TASK DIRECTIONS: Extract the lines beginning at the one that holds "Camden Minacci (@camdenminacci)" and ending at the final line of the material below, keeping them exact and leaving out all pictures.

RECORDS TO USE:
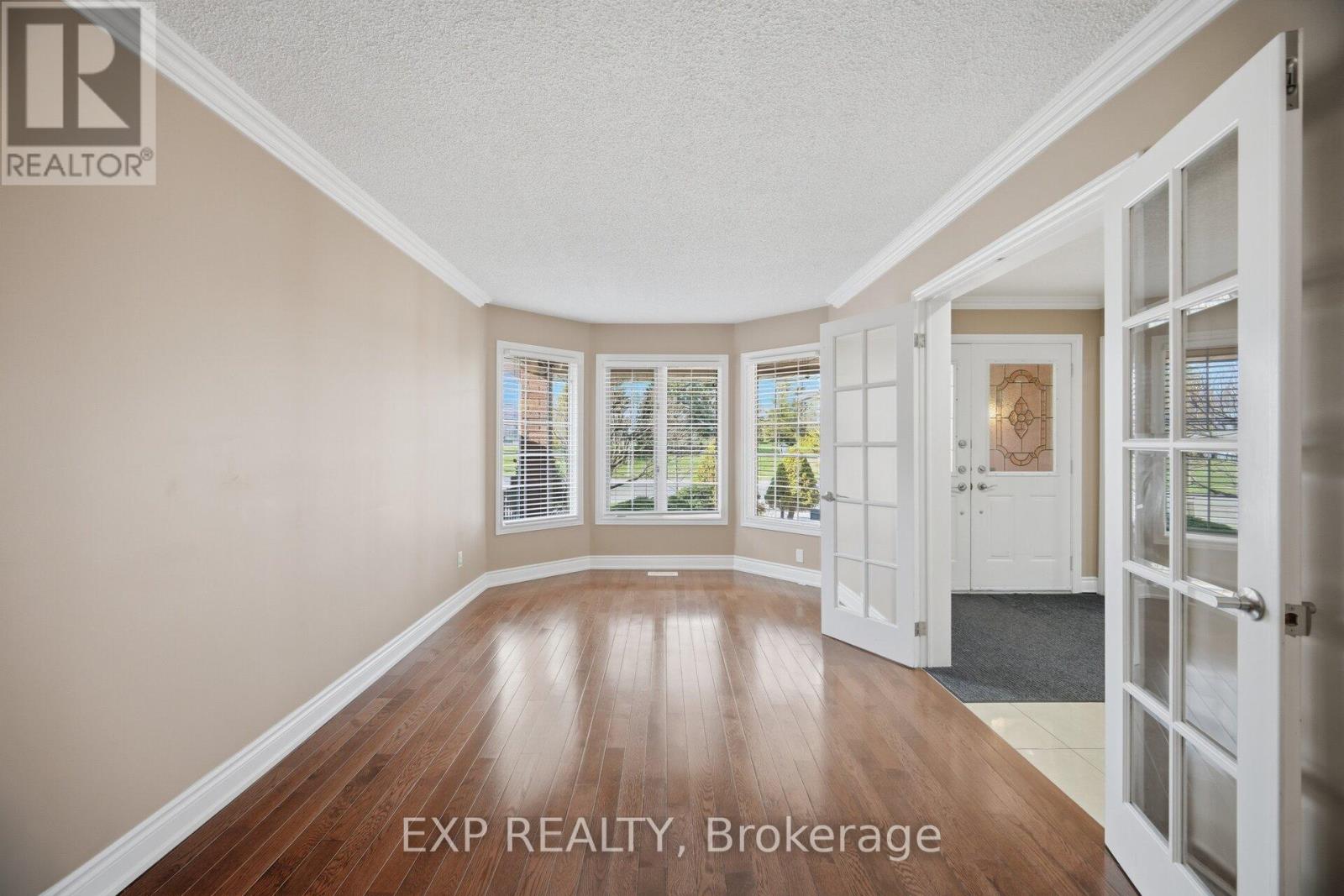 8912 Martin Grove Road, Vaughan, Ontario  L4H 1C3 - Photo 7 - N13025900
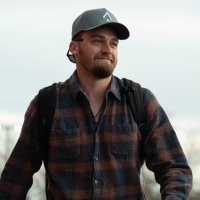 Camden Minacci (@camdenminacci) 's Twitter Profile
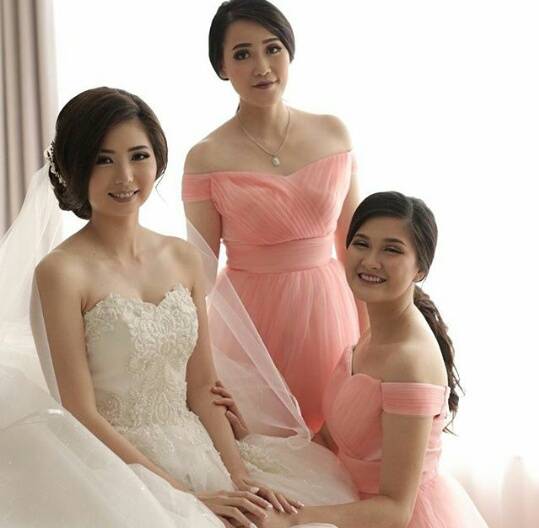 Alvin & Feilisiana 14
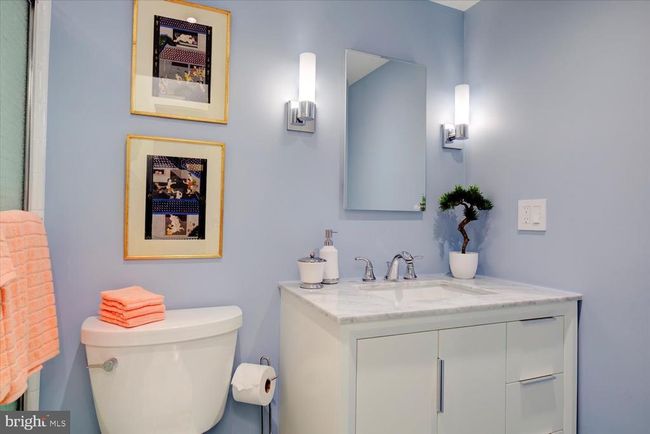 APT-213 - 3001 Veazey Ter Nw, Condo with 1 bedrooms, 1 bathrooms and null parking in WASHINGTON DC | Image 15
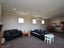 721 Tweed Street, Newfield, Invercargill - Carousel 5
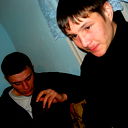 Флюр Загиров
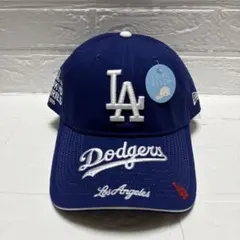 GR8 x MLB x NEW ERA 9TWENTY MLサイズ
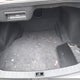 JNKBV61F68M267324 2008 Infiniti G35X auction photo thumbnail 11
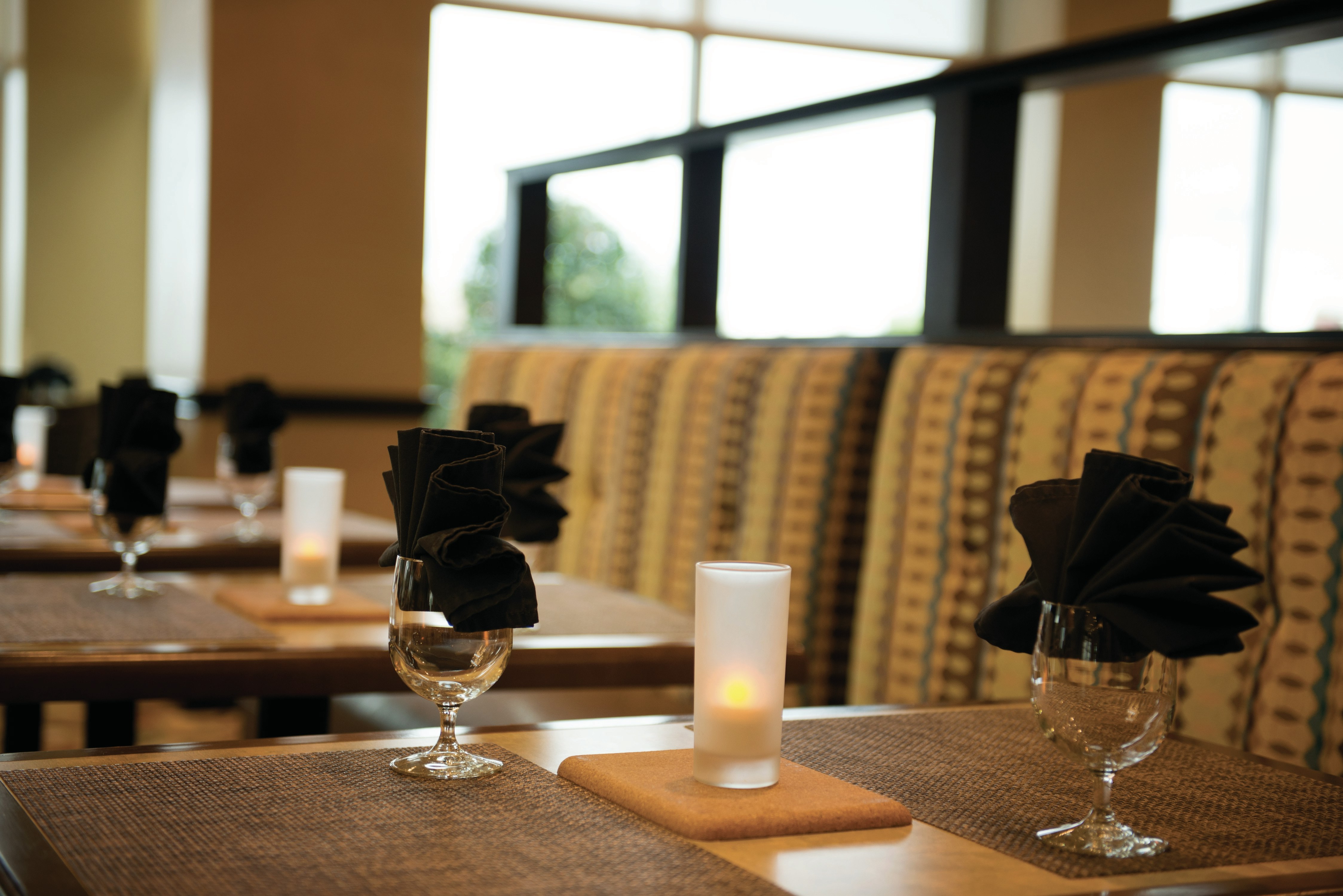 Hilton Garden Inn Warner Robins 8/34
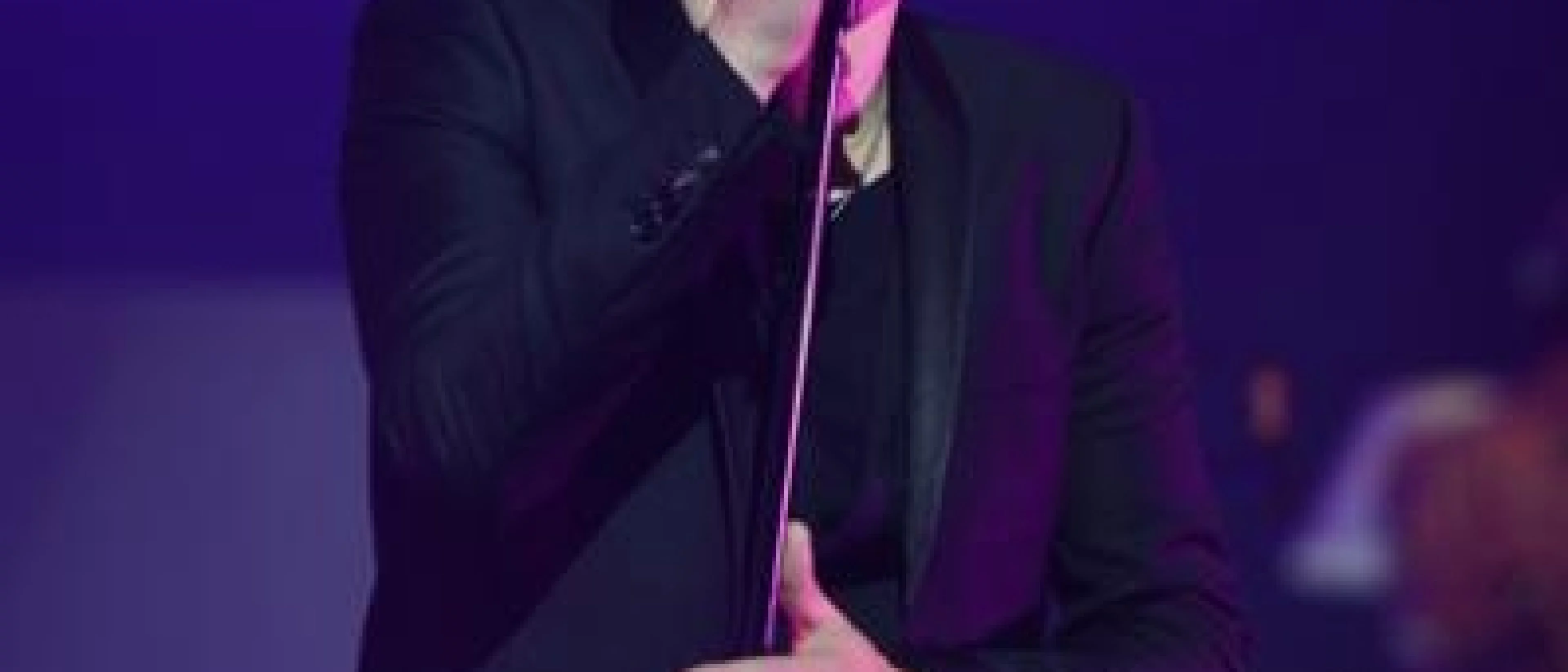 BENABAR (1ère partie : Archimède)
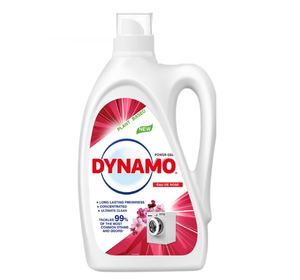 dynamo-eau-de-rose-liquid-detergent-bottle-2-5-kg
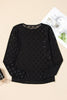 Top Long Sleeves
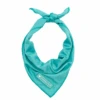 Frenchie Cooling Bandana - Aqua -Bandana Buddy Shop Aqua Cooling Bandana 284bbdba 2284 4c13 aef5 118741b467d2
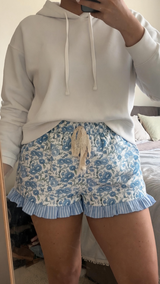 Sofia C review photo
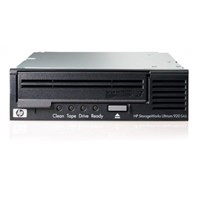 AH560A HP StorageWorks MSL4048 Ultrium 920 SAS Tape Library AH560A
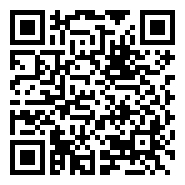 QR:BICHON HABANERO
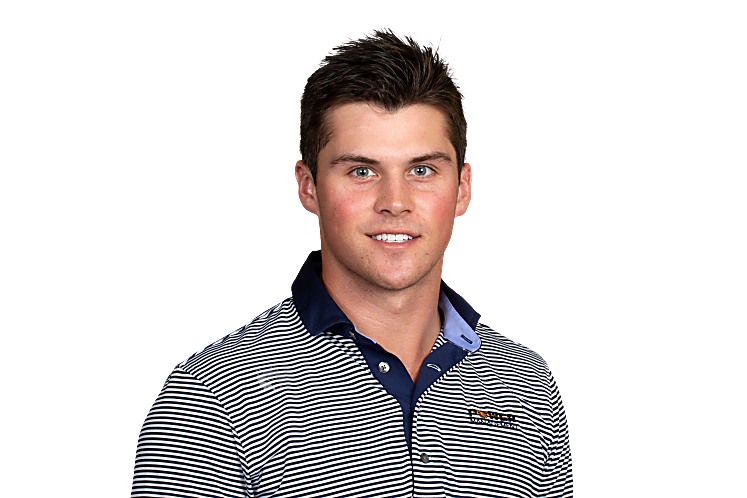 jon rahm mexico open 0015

WORKED SOLUTION:
 Camden Minacci (@camdenminacci) 's Twitter Profile
 Alvin & Feilisiana 14
 APT-213 - 3001 Veazey Ter Nw, Condo with 1 bedrooms, 1 bathrooms and null parking in WASHINGTON DC | Image 15
 721 Tweed Street, Newfield, Invercargill - Carousel 5
 Флюр Загиров
 GR8 x MLB x NEW ERA 9TWENTY MLサイズ
 JNKBV61F68M267324 2008 Infiniti G35X auction photo thumbnail 11
 Hilton Garden Inn Warner Robins 8/34
 BENABAR (1ère partie : Archimède)
 dynamo-eau-de-rose-liquid-detergent-bottle-2-5-kg
 Top Long Sleeves
 Frenchie Cooling Bandana - Aqua -Bandana Buddy Shop Aqua Cooling Bandana 284bbdba 2284 4c13 aef5 118741b467d2
 Sofia C review photo
 AH560A HP StorageWorks MSL4048 Ultrium 920 SAS Tape Library AH560A
 QR:BICHON HABANERO
 jon rahm mexico open 0015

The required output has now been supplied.